» **Extracted information**:

----------

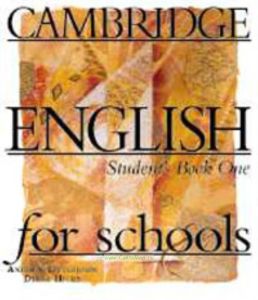 Cambridge English for schools. Students Book One (1)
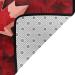 Canada Red Maple Leaf Flannel Non-Slip Floor Mat - 63x48 Inches | Comfortable Lint-Free & Pressure Relieving for Any Occasion - Shop Internationally - Buy Online on GoSupps.com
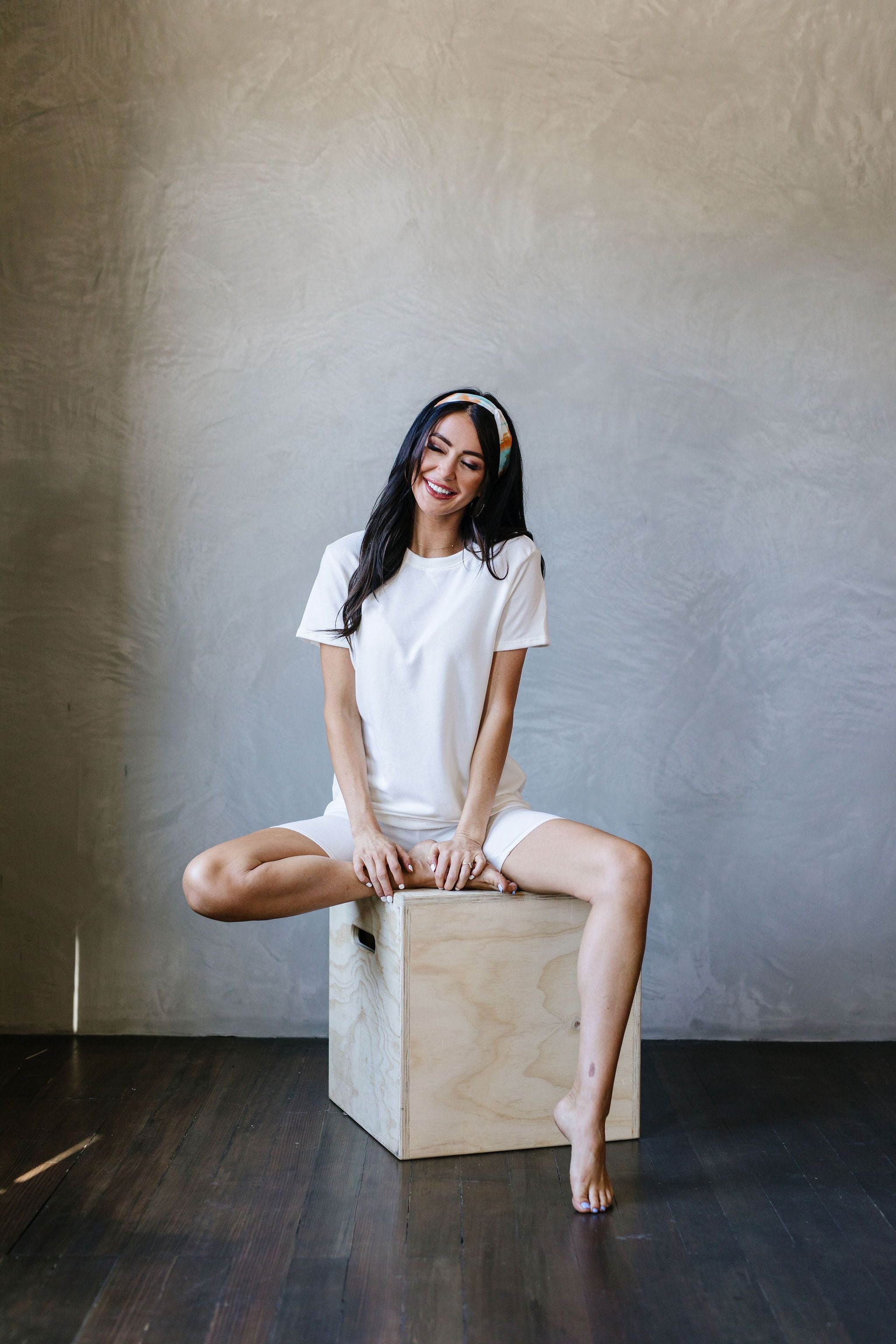 To Lounge Or Bike Top In Ivory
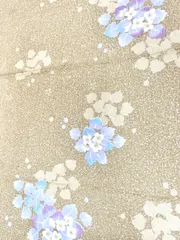 ポリエステル着物地　紫陽花柄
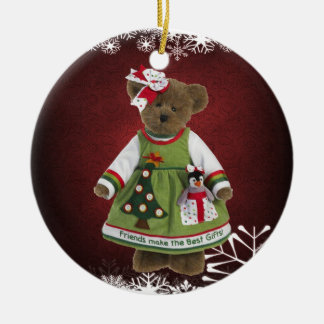 Los amigos hacen el mejor ornamento del oso de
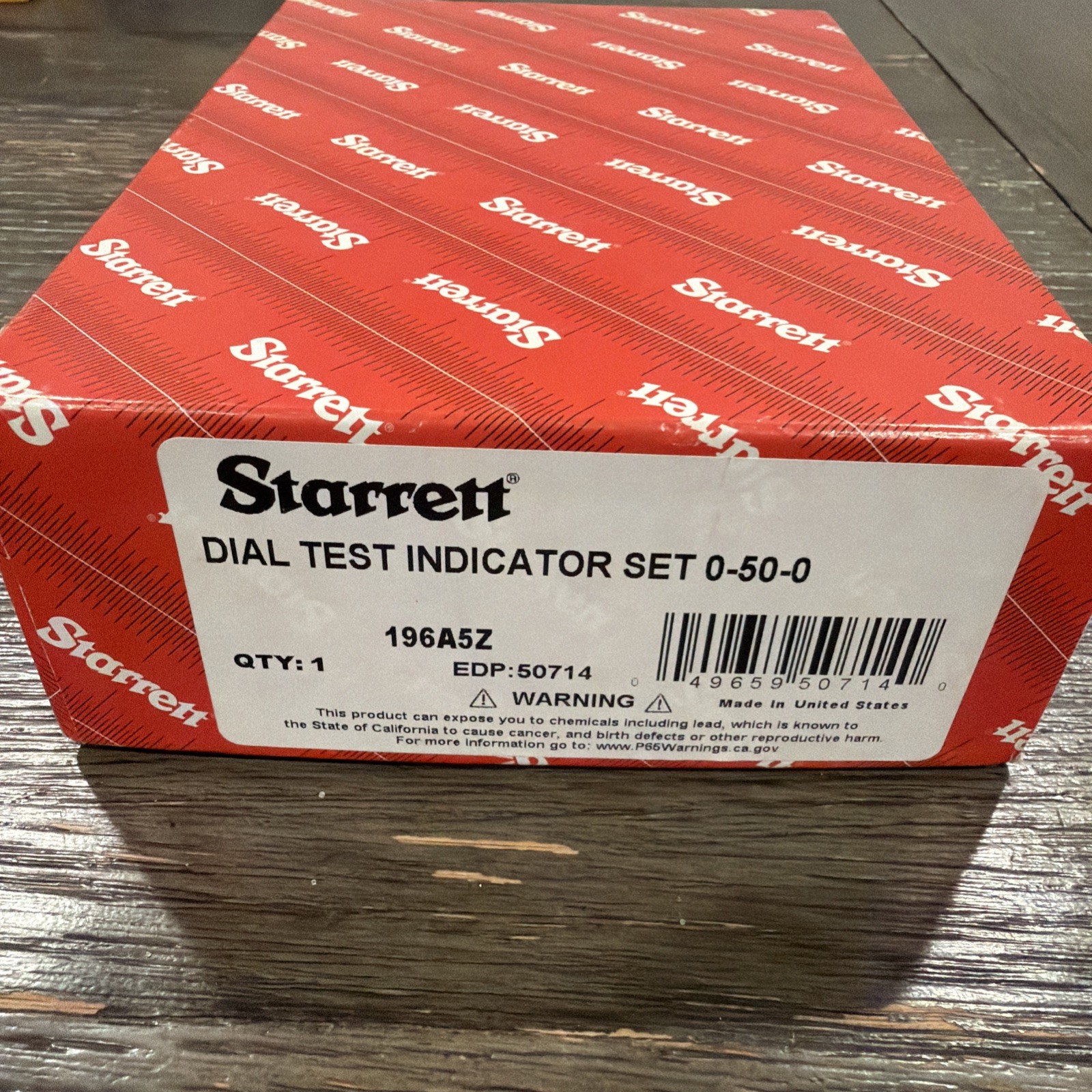NEW IN BOX! Starrett DIAL TEST INDICATOR 196A5Z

----------

» **Required work**: The range to print runs from the line with "Los amigos hacen" through the last line of the entries, both included; keep it exact and skip the pictures.

» **Reply to the task**:
 Los amigos hacen el mejor ornamento del oso de
NEW IN BOX! Starrett DIAL TEST INDICATOR 196A5Z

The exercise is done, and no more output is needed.